Speaking of the not-so-fabulous bag stories, I stumbled into the history of the so-called plague bags, very conveniently retold on this fascinating website called Death Scent (yes, a stylish website on the scent of death). “The plague bags would be kept in a pocket or worn around the neck on a string to keep miasma away. Sadly this straightforward name was supplanted by sweet bag by the late 1500s and then, sachet de senteurs, in the 17th century.” ‘Sweet bag’ or ‘sweet meat bag’ (?) somehow sounds more terrifying in this context than plague bags? They look cute though.

As is widely known, Yoko Ono has a thing for bags. Like her ‘Bag Piece’ (1964). Ono said, regarding this work, “By being in a bag, you show the other side of you”. Curious what my other side will look like. Rinus van der Velde also once made a paper backpack called ‘Prop, Backpack’ (2018). It was part of the exhibition ‘The Armchair Voyager’ (2023) at Museum Voorlinden, about the imaginary travels we make in our own heads, without backpacks.
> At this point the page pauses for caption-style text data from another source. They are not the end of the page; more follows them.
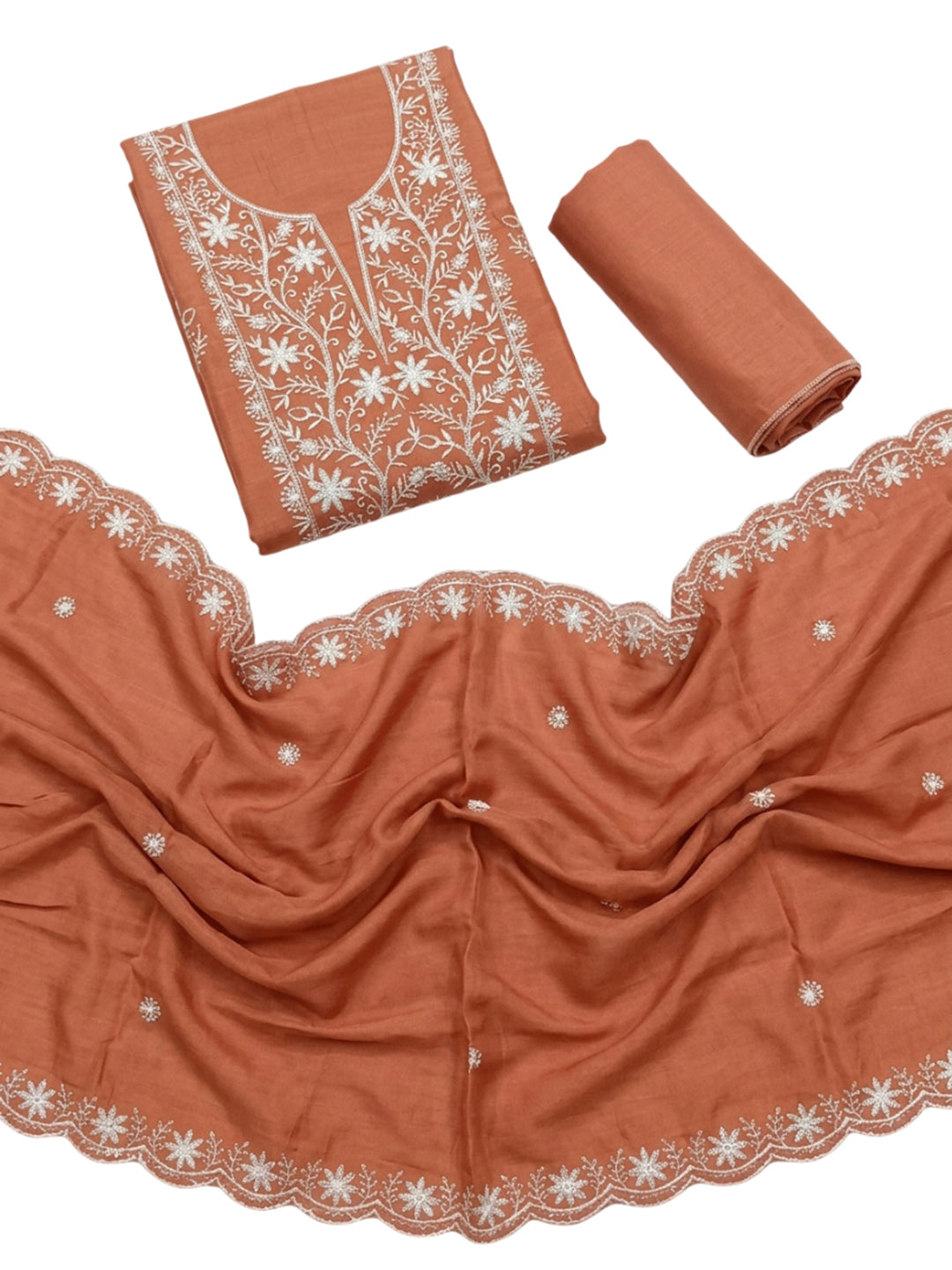 Rust Embroidery Chanderi Unstitched Dress Material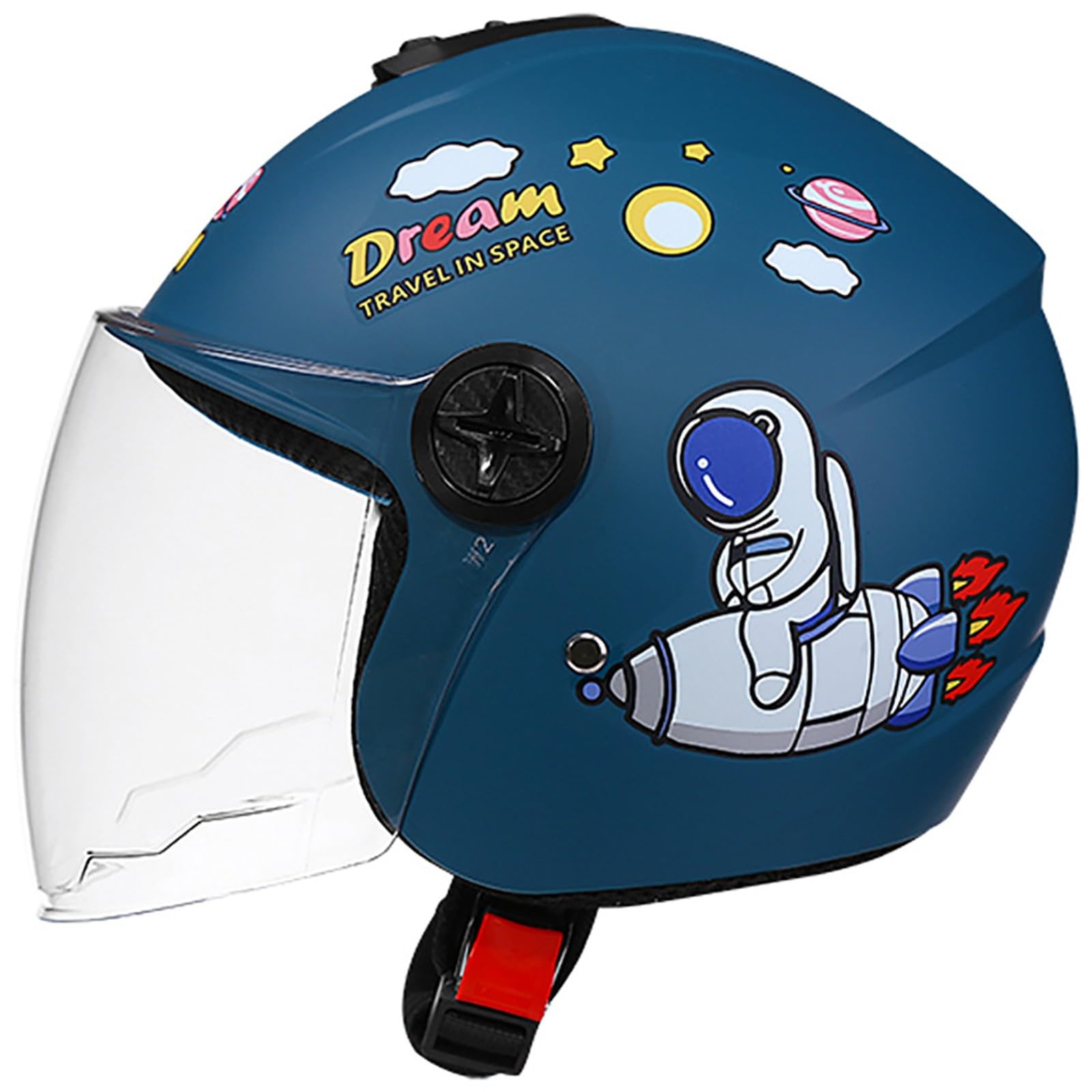 Casco Da Moto Aperto Per Bambini 4-12 Anni - Certificato DOT/ECE Con Visiera E Cinturino A Sgancio Rapido, Retrò 3/4 C, 50-56cm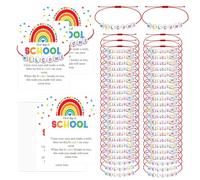 24 Sets Preschool Graduation Kindergarten Grad Gifts Graduation Bracelet with Cards Organza Bags Adjustable Star Bracelets for 2025 Grad Party Decorations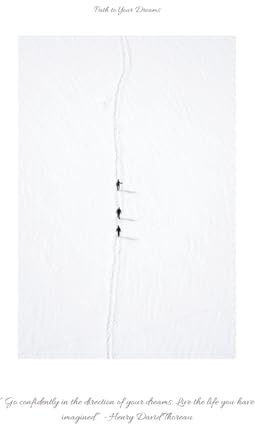 Path to Your Dreams: Hardcover lined book with inspirational quote and original minimalist winter photography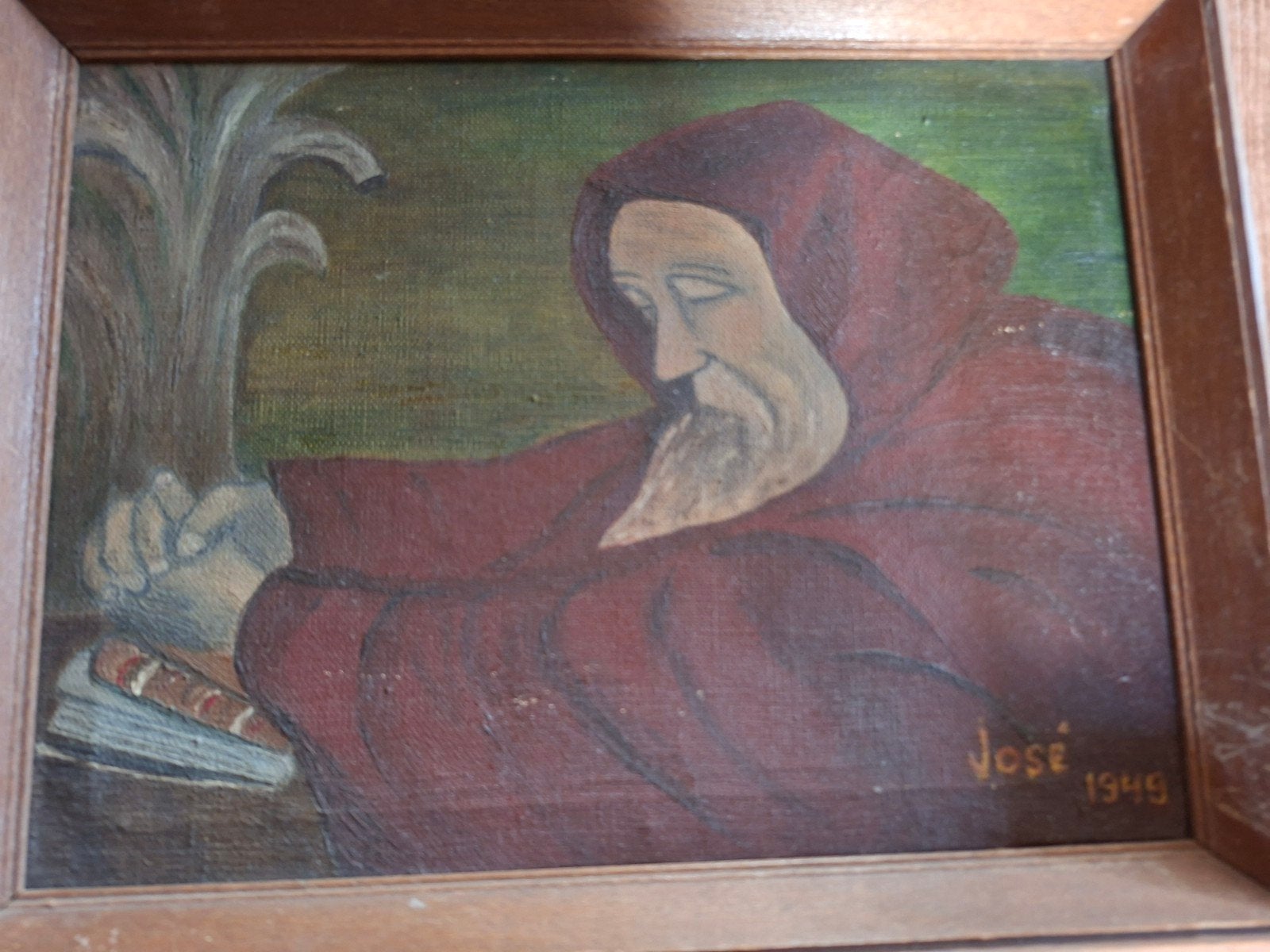 Antiek schilderij biddende pater, Enlèvement, Toile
While, in principle, I try to avoid recommendations, his second fictional autobiography is coming out soon, which looks incredible (that pizza!). And last but not least, a small beadwork bag Jane Austen worked on from her armchair in Chawton or Hampshire. We will never know what she had to say about her creation. Chances are she might have hated it.

Diptych
Two images that found each other across my desktop.

two black and white film stills, captured from l'Avventura and La Notte, showing a female hand caressing the back of a man's head and another female hand controlling the nob of a recording/radio device
Stills from Michelangelo Antonioni’s l’Avventura (1960) and La Notte (1961). I call this one: ‘keeping one hand free for the world’.


Thank you for reading, once more! I hope the perfect bag will soon enter your life, or what have you.